▶ [Instructions for the task]: Look for the line containing "2023 Newest Fashion" and the line containing "Happy bhai dooj" in the entries below. Copy those two and all lines between them exactly, leaving out pictures.

▶ [Records supplied]:
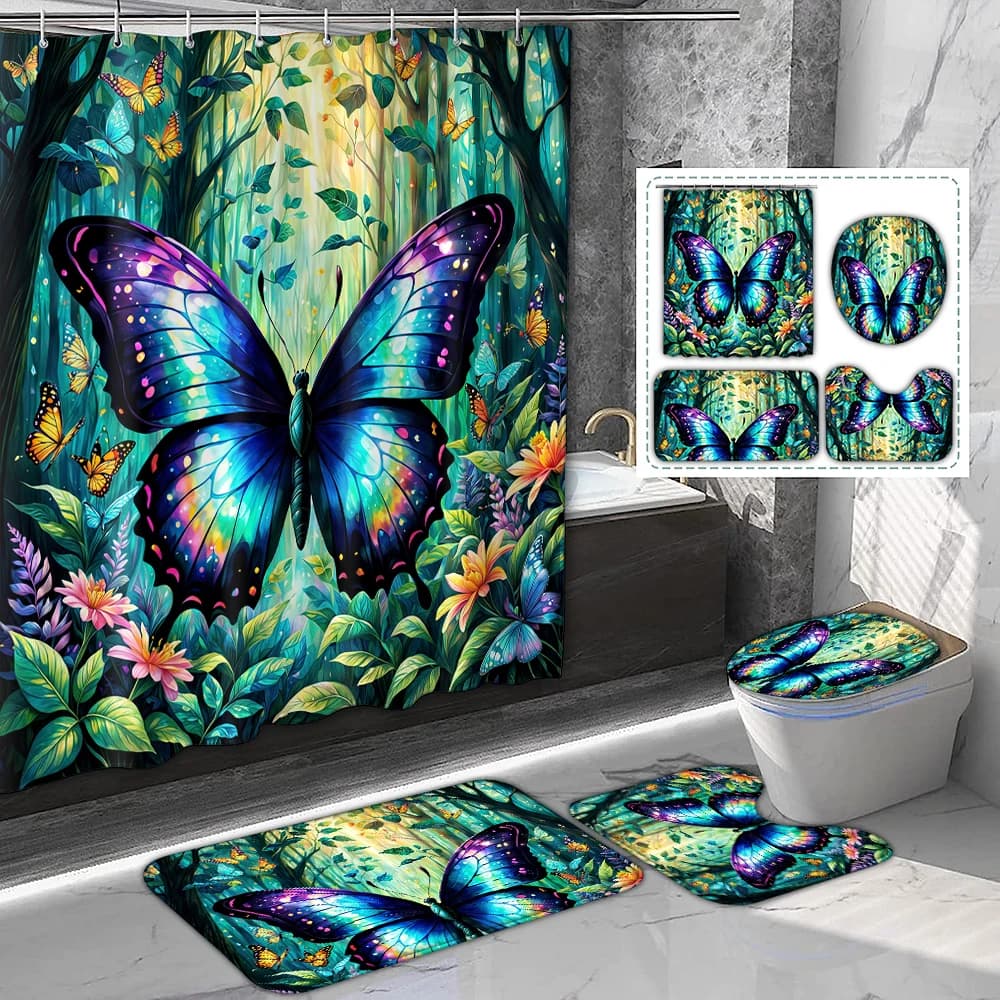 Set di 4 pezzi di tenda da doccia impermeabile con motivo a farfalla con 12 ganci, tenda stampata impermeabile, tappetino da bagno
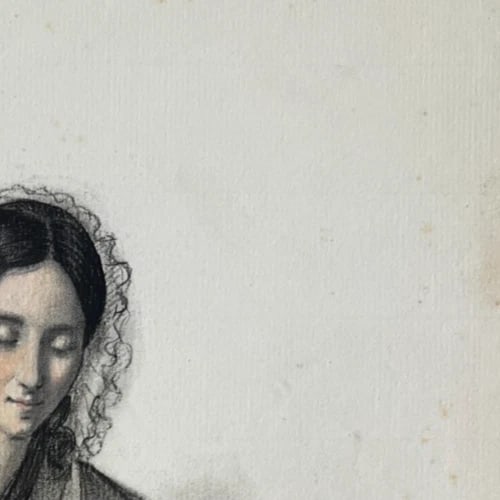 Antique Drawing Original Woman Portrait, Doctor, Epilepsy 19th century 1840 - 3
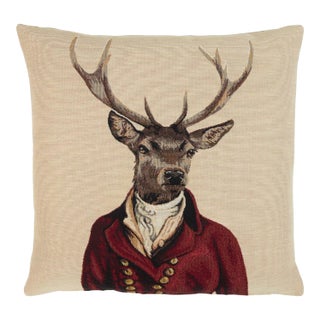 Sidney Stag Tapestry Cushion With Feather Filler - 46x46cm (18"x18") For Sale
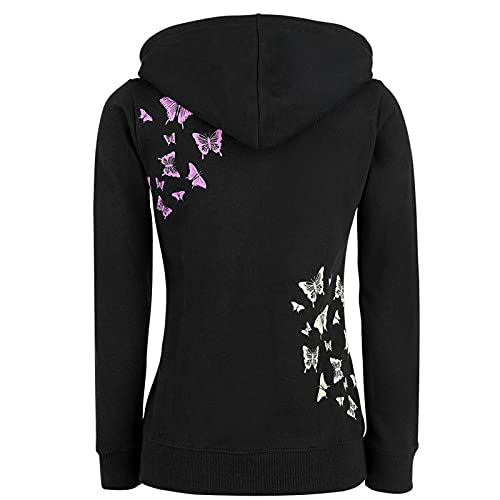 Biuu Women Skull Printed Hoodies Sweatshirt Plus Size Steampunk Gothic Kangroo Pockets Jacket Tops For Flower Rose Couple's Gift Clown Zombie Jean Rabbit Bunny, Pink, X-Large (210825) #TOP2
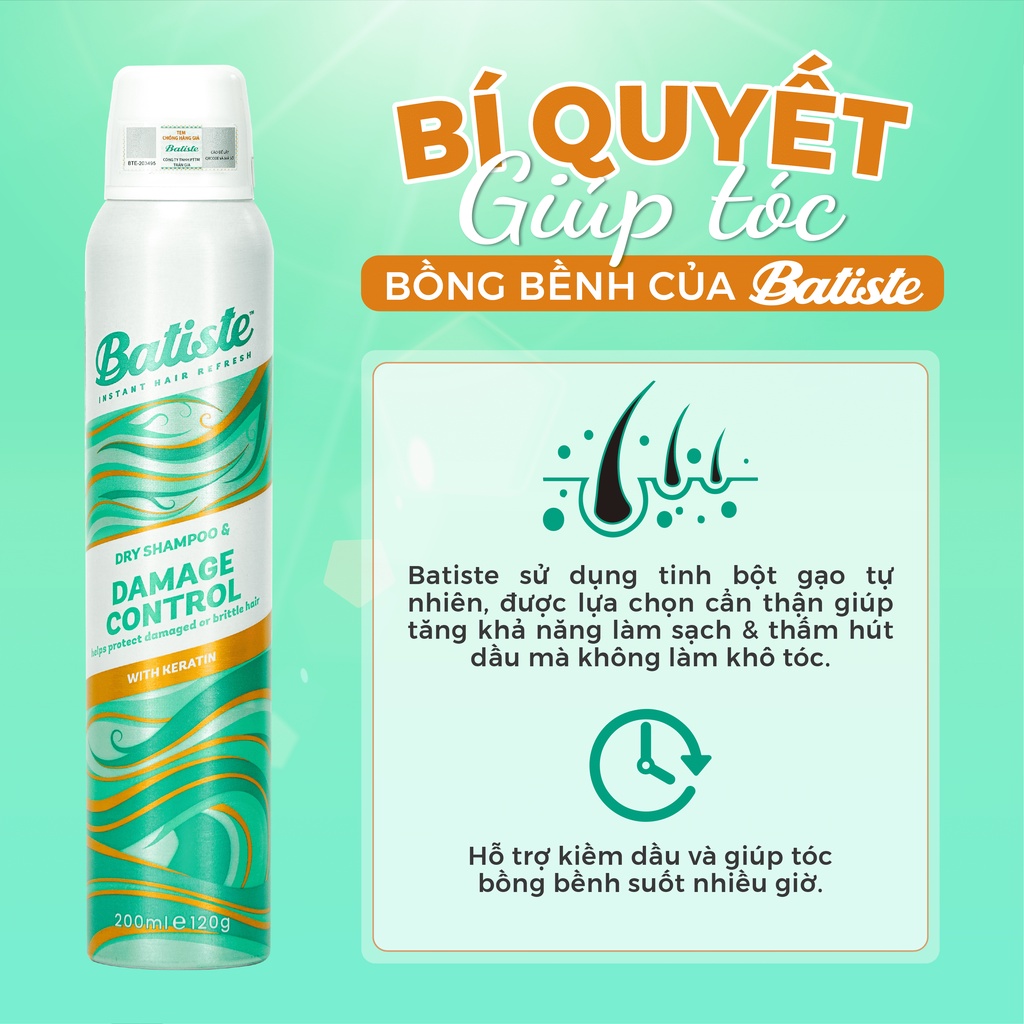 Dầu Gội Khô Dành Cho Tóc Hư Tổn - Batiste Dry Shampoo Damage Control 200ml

--

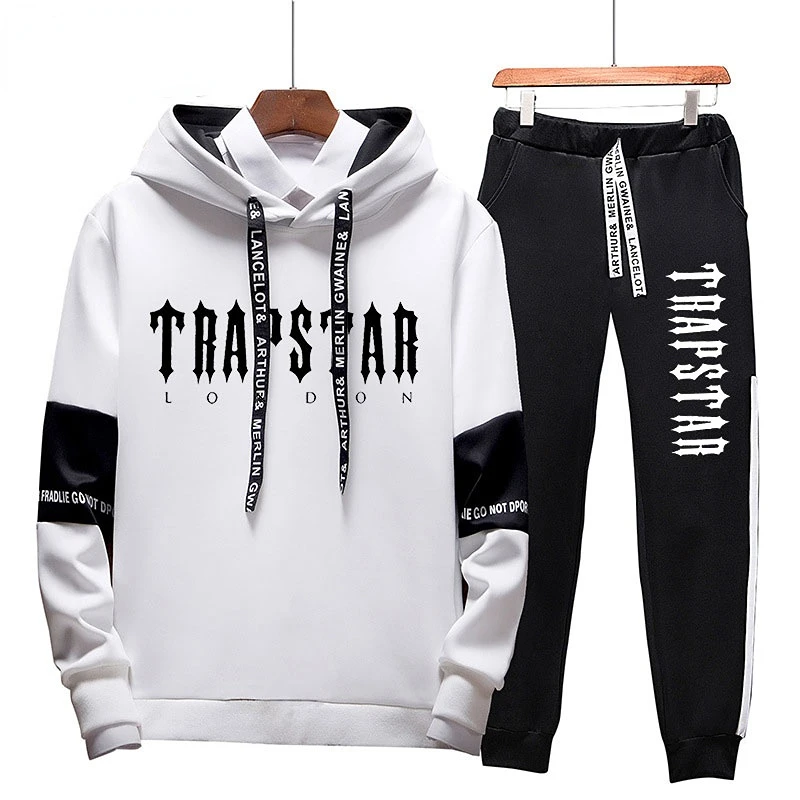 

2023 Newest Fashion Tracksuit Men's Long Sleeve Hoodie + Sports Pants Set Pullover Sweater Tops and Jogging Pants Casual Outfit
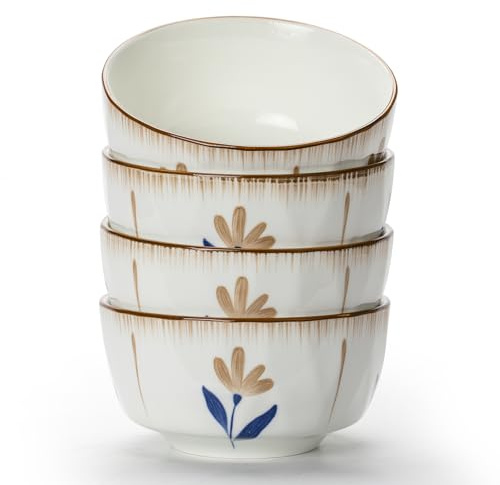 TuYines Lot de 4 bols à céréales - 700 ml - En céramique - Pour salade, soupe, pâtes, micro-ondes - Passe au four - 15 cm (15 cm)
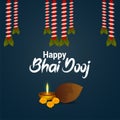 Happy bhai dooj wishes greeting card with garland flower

▶ [Response for this exercise]:
2023 Newest Fashion Tracksuit Men's Long Sleeve Hoodie + Sports Pants Set Pullover Sweater Tops and Jogging Pants Casual Outfit
 TuYines Lot de 4 bols à céréales - 700 ml - En céramique - Pour salade, soupe, pâtes, micro-ondes - Passe au four - 15 cm (15 cm)
 Happy bhai dooj wishes greeting card with garland flower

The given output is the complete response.